## Input data
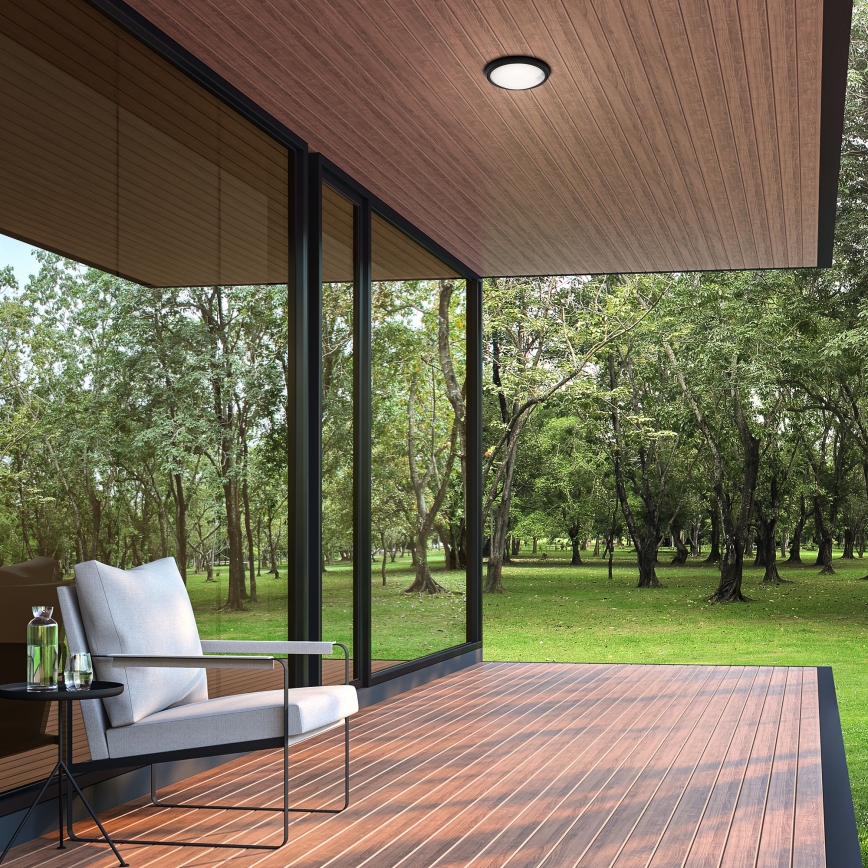 Briloner 3352-015 - Lampe d'extérieur avec détecteur HELSINKI LED/12W/230V IP44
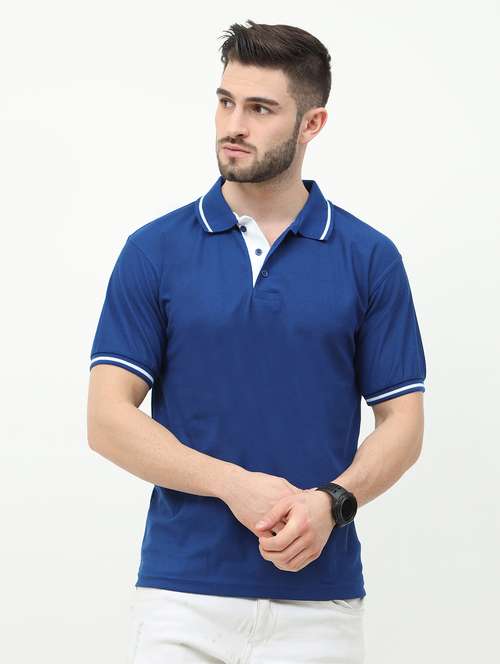solid cotton polo t-shirt  - 19328631 -  Standard Image - 0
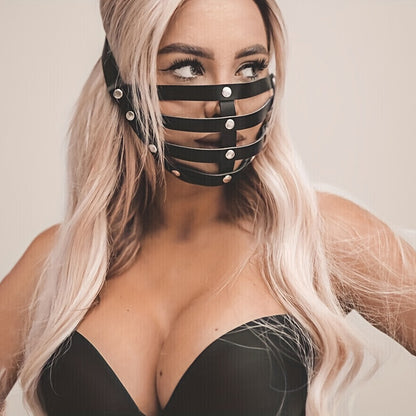 BDSM  Leather Mask - image 5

## Exercise directions
Give back the whole listing exactly, without pictures.

## Answer area
 Briloner 3352-015 - Lampe d'extérieur avec détecteur HELSINKI LED/12W/230V IP44
solid cotton polo t-shirt  - 19328631 -  Standard Image - 0
 BDSM  Leather Mask - image 5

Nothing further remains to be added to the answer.